[Input data]
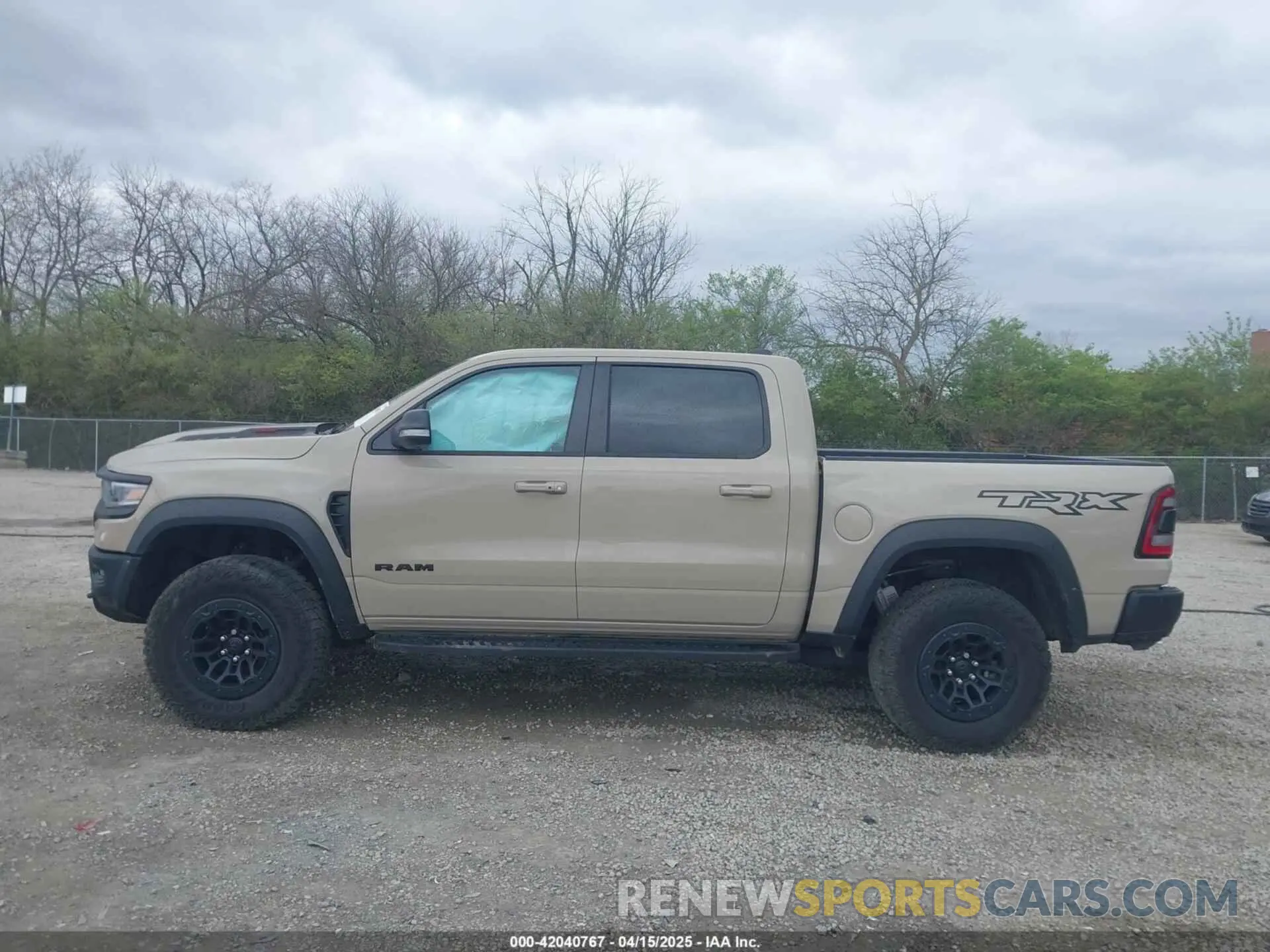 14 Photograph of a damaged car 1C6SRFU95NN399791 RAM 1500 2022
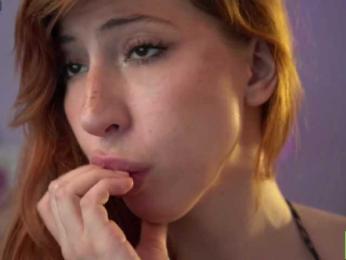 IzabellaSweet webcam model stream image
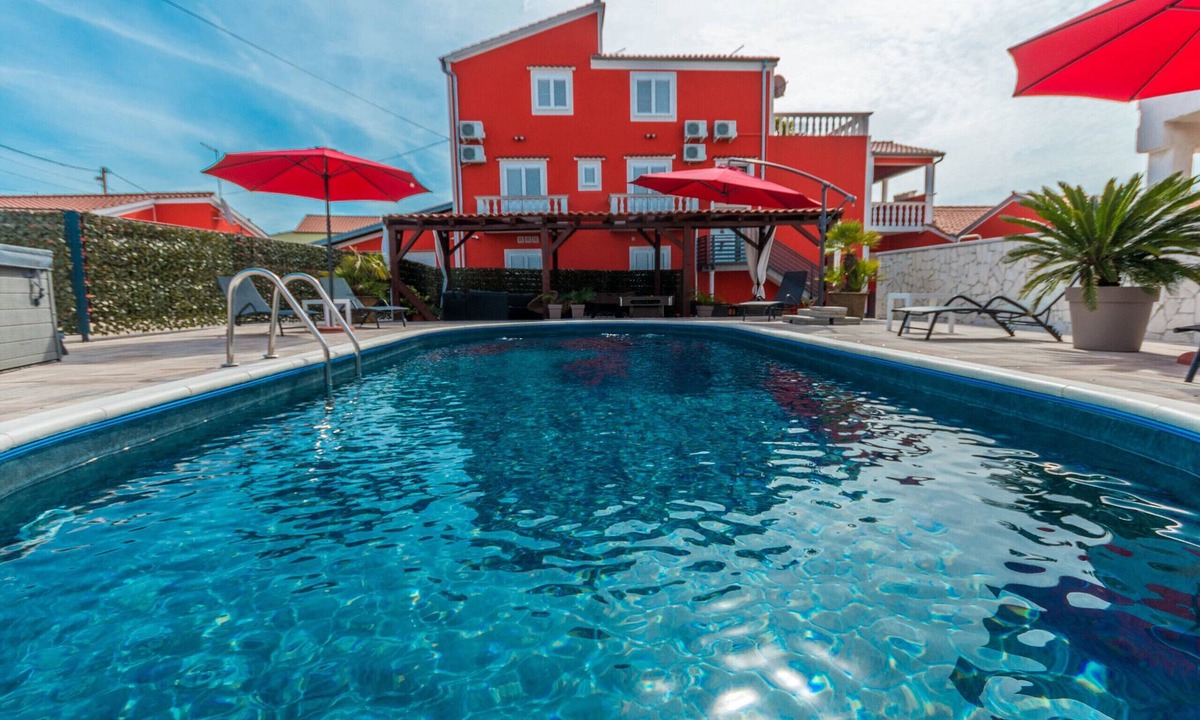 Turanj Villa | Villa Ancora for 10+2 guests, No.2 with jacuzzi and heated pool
* * *
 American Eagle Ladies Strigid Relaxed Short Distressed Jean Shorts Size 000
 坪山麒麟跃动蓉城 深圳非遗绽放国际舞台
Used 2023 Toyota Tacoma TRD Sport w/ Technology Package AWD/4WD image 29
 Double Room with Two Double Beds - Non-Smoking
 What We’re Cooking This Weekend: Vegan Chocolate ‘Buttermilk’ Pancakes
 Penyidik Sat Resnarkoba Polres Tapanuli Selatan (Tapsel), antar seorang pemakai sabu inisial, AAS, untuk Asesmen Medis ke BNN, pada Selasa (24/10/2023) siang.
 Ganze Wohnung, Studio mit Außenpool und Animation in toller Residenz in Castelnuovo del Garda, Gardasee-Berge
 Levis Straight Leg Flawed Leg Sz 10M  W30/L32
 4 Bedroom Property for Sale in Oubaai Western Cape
...
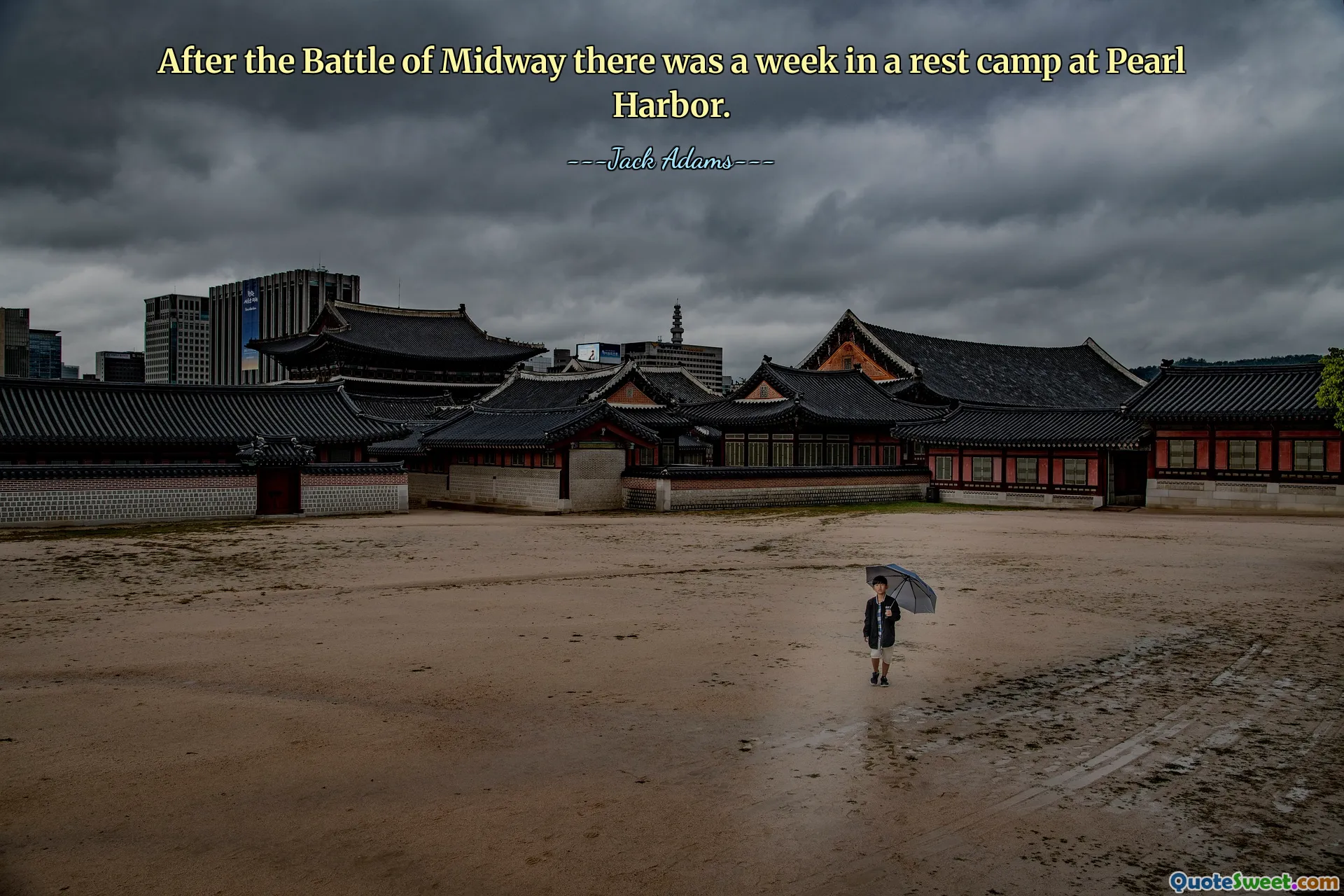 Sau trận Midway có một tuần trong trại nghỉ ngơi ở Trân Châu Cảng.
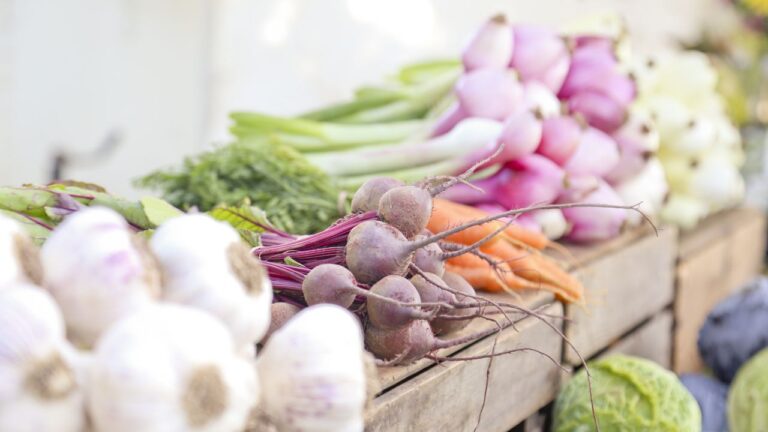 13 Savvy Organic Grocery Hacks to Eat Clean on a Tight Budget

[To do] Extract the part of the records that opens with the line containing "Sau trận Midway" and closes with the line containing "13 Savvy Organic". Take only those lines, exactly, and no pictures.

[Answer box]
 Sau trận Midway có một tuần trong trại nghỉ ngơi ở Trân Châu Cảng.
 13 Savvy Organic Grocery Hacks to Eat Clean on a Tight Budget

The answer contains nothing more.